A priori, il n’y a aucun point de rencontre entre ces deux destins parallèles. Les deux protagonistes viennent de niveaux sociaux opposés (Sam des quartiers pauvres, alors que Nellie est la fille d’une star hollywoodienne) et leur parcours, ainsi que leurs perspectives d’avenir, sont très différents. Sam est dans les ennuis financiers et les services sociaux menacent de lui enlever la garde de son fils, alors que Nellie peut se permettre d’aider son père en lui payant son loyer et en faisant ses courses.
Et pourtant, entre les deux, un point commun apparaît très vite : leur attachement au milieu artistique. Nellie est graphiste, Sam est auteur-compositeur interprète. Tous les deux sont confrontés aux difficultés inhérentes au monde de l’art. Et tous les deux ont dû imposer ce choix à leur famille, et c’était loin d’être gagné.
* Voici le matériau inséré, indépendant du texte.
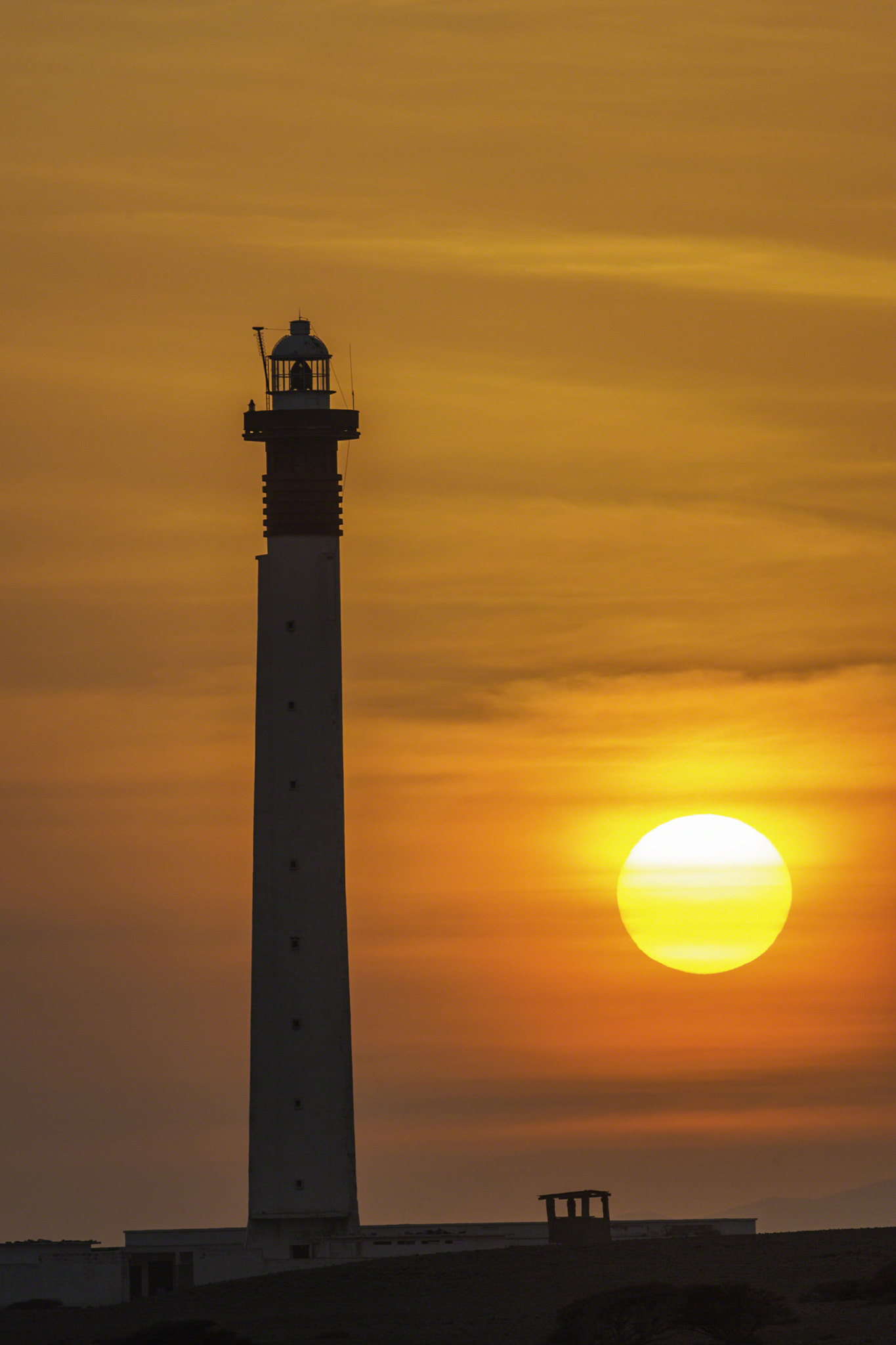 Canon EOS-1D Mark II + Canon EF 100-400mm F4.5-5.6L IS USM sample photo. Lighthouse at ras siyyan djibouti photography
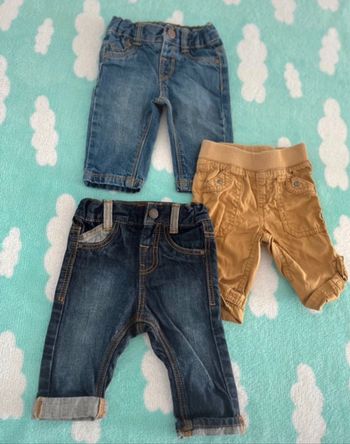 3 pantalons bébé Kiabi 3 mois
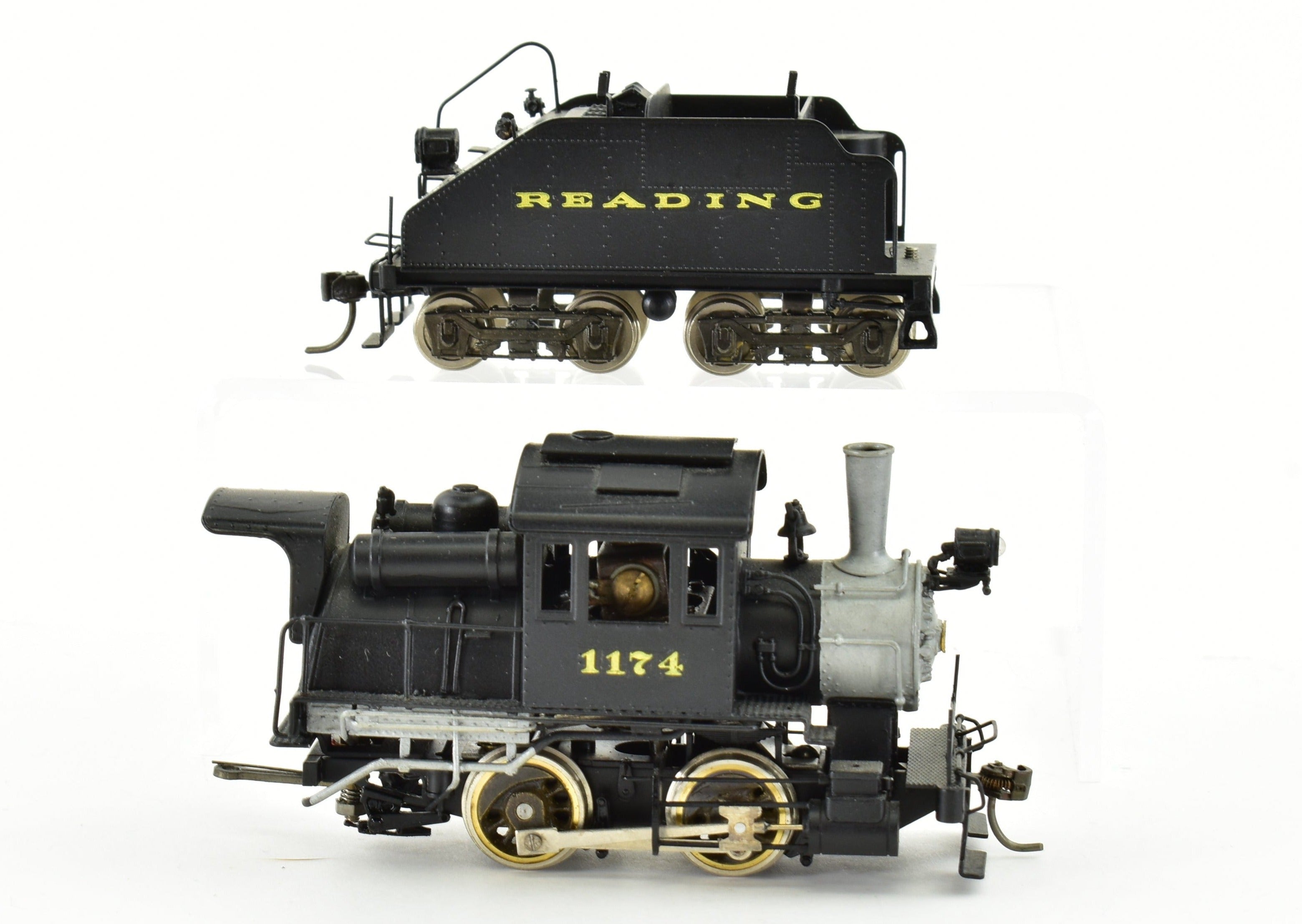 HO Scale Brass Gem Models Reading A-5a 0-4-0 Camelback FP Locomotive No. 1174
Soundtrack est présentée comme une série musicale, et quelques scènes viennent justifier cela. Dans les moments de stress ou de colère, des chansons viennent expliciter les émotions des protagonistes. Aucune des chansons n’est faite spécialement pour le film : ce sont des chansons déjà existantes, certaines mêmes célèbres (dans le pilote on entend un peu de Believer, d’Imagine Dragons). Les chansons ne sont même pas réenregistrées par les comédiens, mais diffusées en playback.
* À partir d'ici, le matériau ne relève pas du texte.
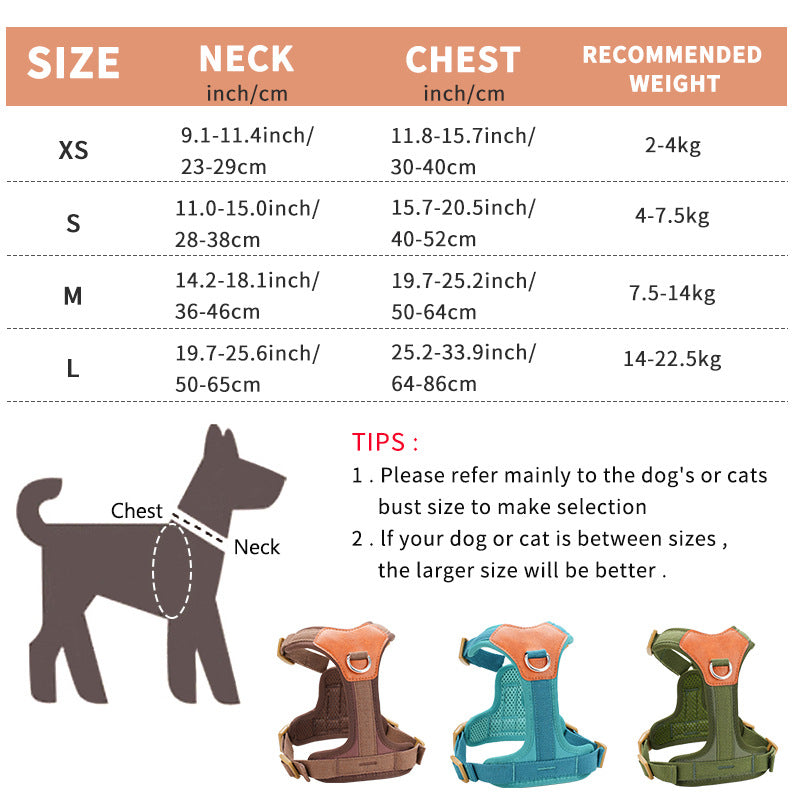 Retro Dog Hand Holding Rope Pet Harness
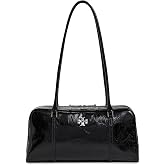 Tory Burch Women's Crinkle Leather Small Marshmallow Satchel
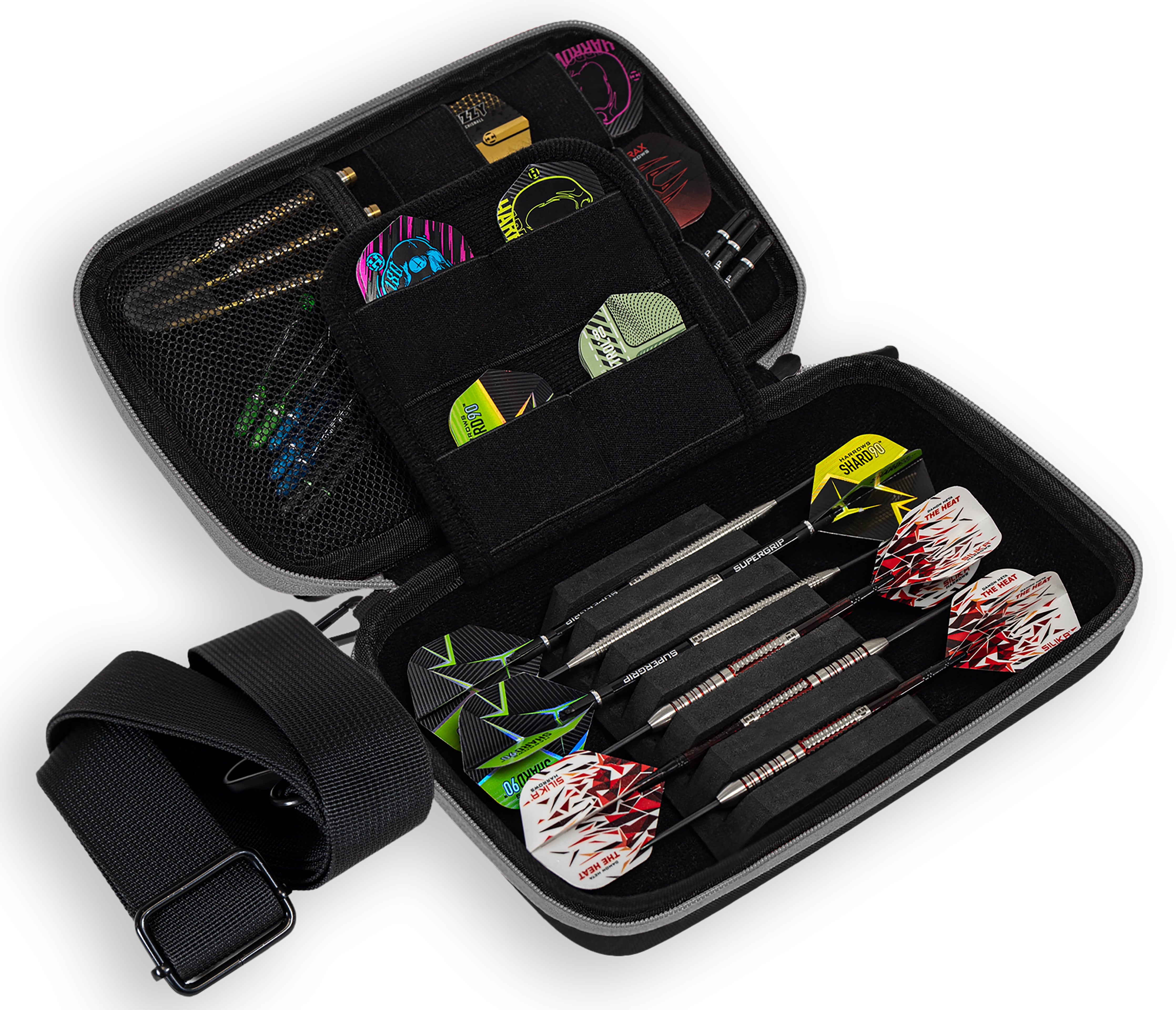 Harrows Smart 6 XL Case - Black & Grey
Et finalement, qu’importe ! Ce n’est peut-être pas là que réside la qualité de ce pilote, mais dans ce portrait croisé tout en finesse, cette description sociale plutôt bien vue et surtout bien interprétée. Plus on avance et plus on accroche à ces personnages, plus on sympathise avec eux. Si l’épisode n’est pas un chef d’œuvre, il est suffisamment bien écrit pour qu’à la fin on ait envie d’aller plus loin.
Hervé Aubert
The Witcher : rien d’ensorcelant
Adaptation des best-sellers de Andrzej Sapkowski, The Witcher est l’un des derniers gros projets de Netflix, qui espère en ce début de décennie proposer une alternative pour les nombreux fans de Game of Thrones. Après huit ans de règne et un engouement phénoménal, la mascotte de HBO a manifestement laissé la porte grande ouverte aux futures séries de fantasy.
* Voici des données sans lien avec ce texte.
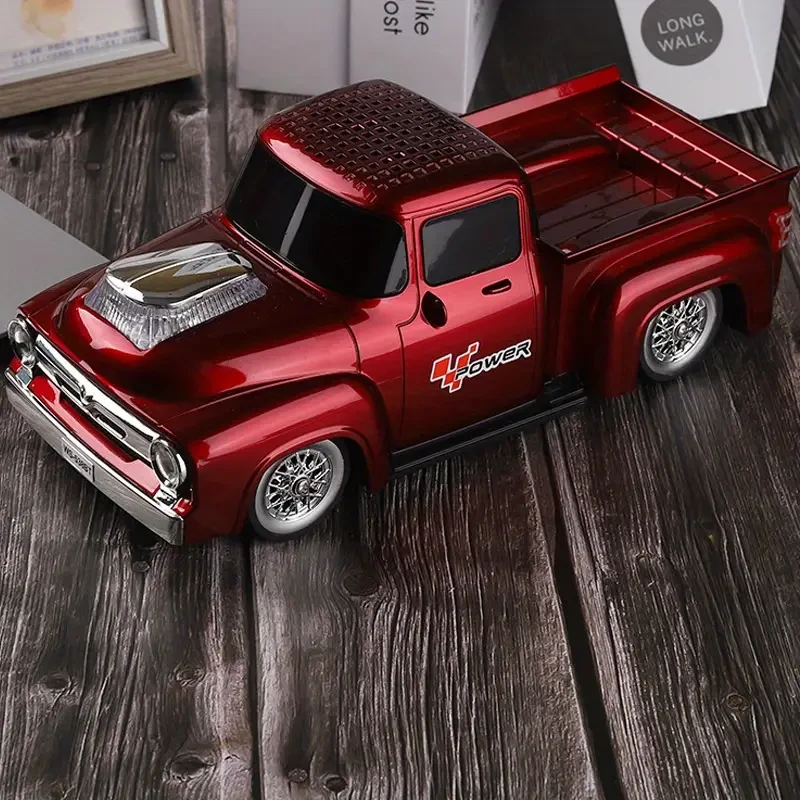 Old Pickup Truck Alloy Speaker - High Fidelity Stereo Outdoor Music Player
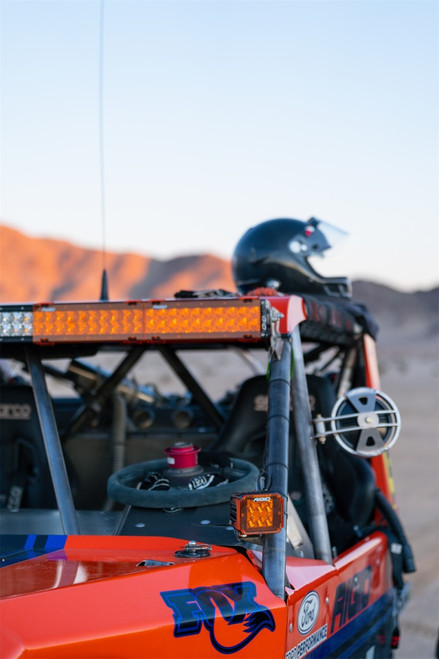 Rigid Industries Light Cover for E/RDS Amber PRO - 10in. - 110994 Photo - Mounted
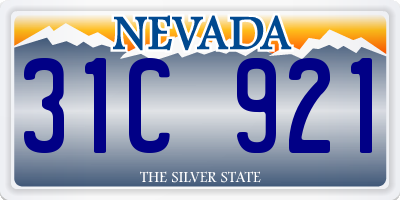 NV license plate 31C921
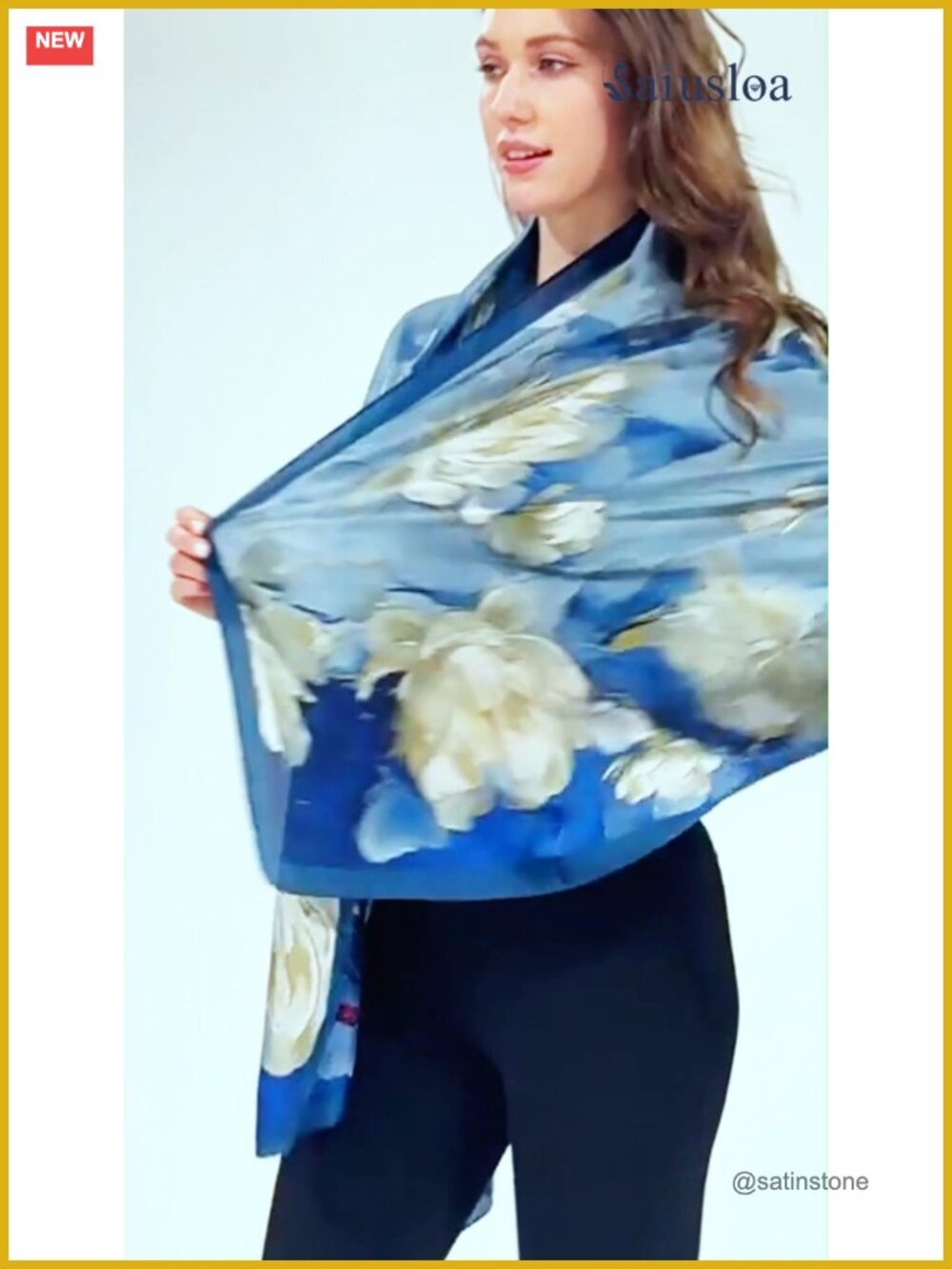Silky Satin Scarf Shawl Wrap for Women – Lightweight Dressy Fashion Scarf for - Picture 6 of 6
Comment alors introduire tout un monde, ses personnages, ses monstres et ses intrigues en un seul épisode ? Ici la série ne prend aucun risque. On a le droit à une introduction très classique du protagoniste solitaire, Geralt de Riv. Un chasseur de monstres que l’on découvre en pleine mission, puis dont les premières interactions avec d’autres personnages se font dans l’auberge d’un village (ça ne vous rappelle pas une certaine série Disney+ sortie un mois plus tôt ?).
Rien de subversif, donc. Ce pilote on ne peut plus académique en rappelle beaucoup d’autres et ne vend pas très bien sa série. Tous les codes de l’heroic-fantasy sont là, pourtant l’épisode est peu engageant : les dialogues d’exposition s’accumulent et ont vite fait de perdre notre attention.
Ce premier abord à l’univers souffre également d’un manque de clarté. Les différences d’époque entre les parcours de nos principaux protagonistes ne sont qu’implicitement évoquées au cours d’une discussion. Et cette envie de complexifier la chronologie (comme a pu le faire Westworld en 2016) ne semble ici pas forcément utile. Le risque de perdre ses spectateurs dès les prochains épisodes est très présent, surtout s’ils n’ont pas lu les livres.
L’important budget de cette nouvelle série ambitieuse se ressent, notamment en termes d’effets spéciaux (les monstres sont terrifiants). Mais paradoxalement, son premier épisode semble amateur au vu de certaines performances, et tout particulièrement de son étalonnage qui donne des impressions de fan-film réalisé pour YouTube. Un sentiment qui se renforce aux occasionnels défauts techniques de l’épisode : une mise au point qui vacille et des altérations d’exposition. Il y a encore du boulot.